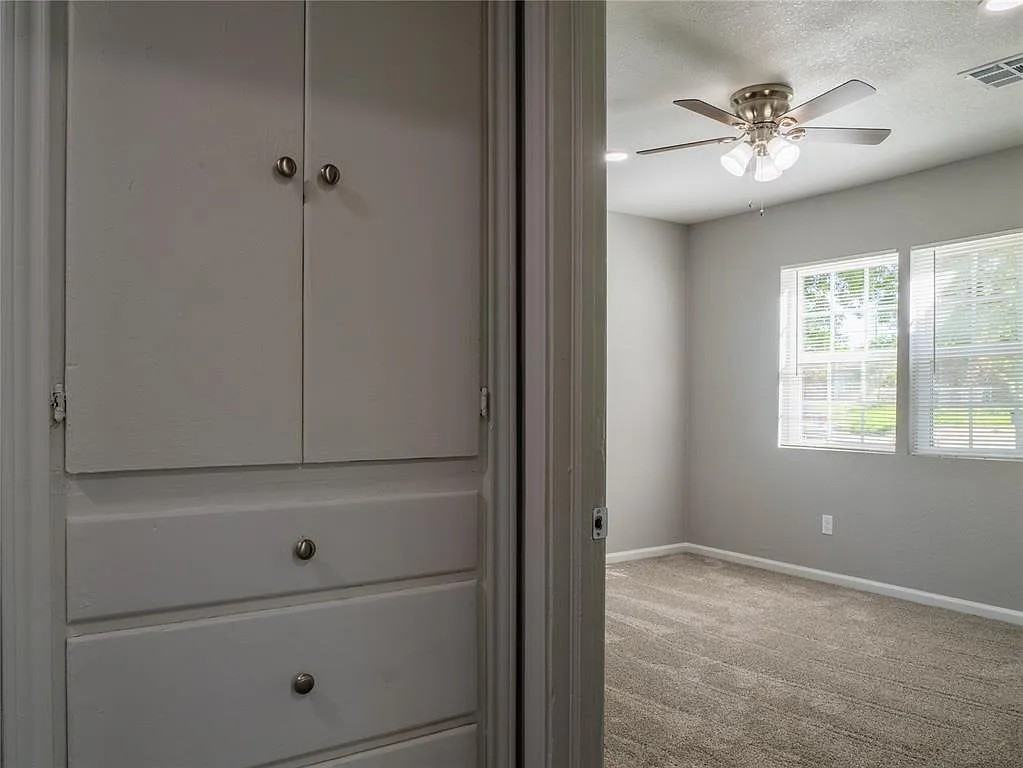 124 Ne Bell Dr - Photo 6 of 21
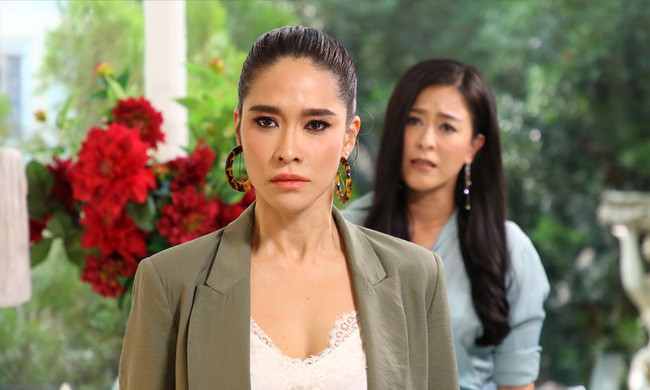 Con dâu ngủ tới 9h sáng, tôi gọi thông gia tới trả dâu nhưng bị "quật" trở lại Con dau ngu toi 9h sang, toi goi thong gia toi tra dau nhung bi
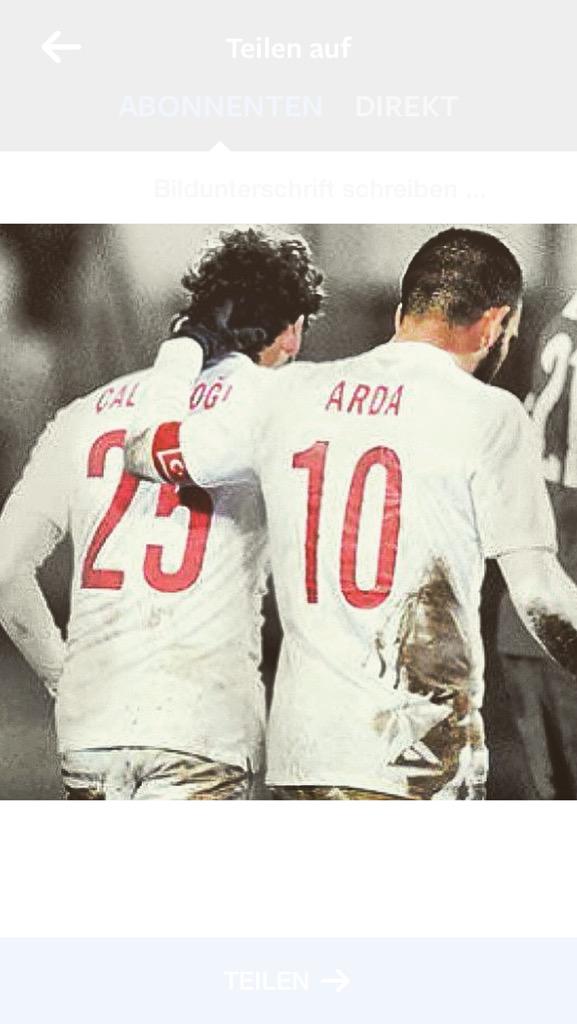 hakanc10's tweet photo. Arda abimle Milli takımda aynı formayı giyidiğim için çok mutluyum. Onunla oynamak gurur veriçi. #25 #10 ⚽️ http://t.co/oPWIUl5LM8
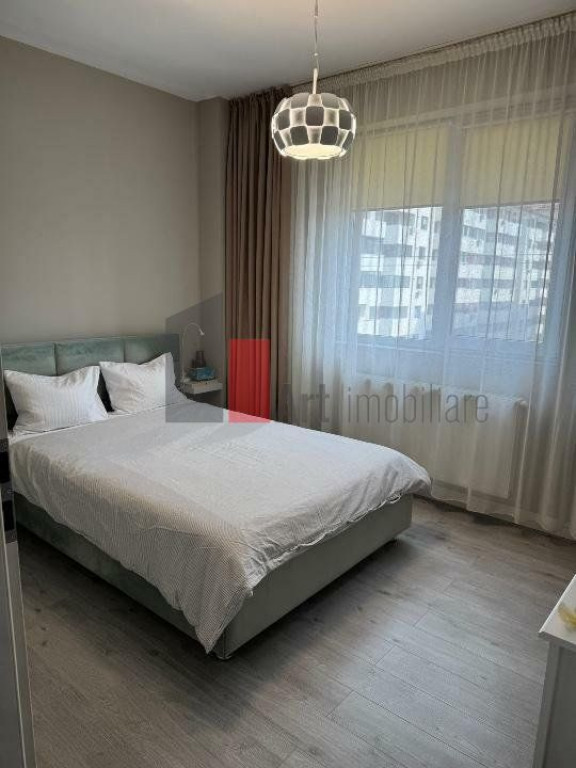 Artament 3 camere Militari?Tineretului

## WHAT YOU NEED TO DO
The expected output is an exact copy of the lines from the one holding "hakanc10's tweet photo." through the last line of the listing above, with the pictures omitted.

## ANSWER TO THIS PROBLEM
 hakanc10's tweet photo. Arda abimle Milli takımda aynı formayı giyidiğim için çok mutluyum. Onunla oynamak gurur veriçi. #25 #10 ⚽️ http://t.co/oPWIUl5LM8
 Artament 3 camere Militari?Tineretului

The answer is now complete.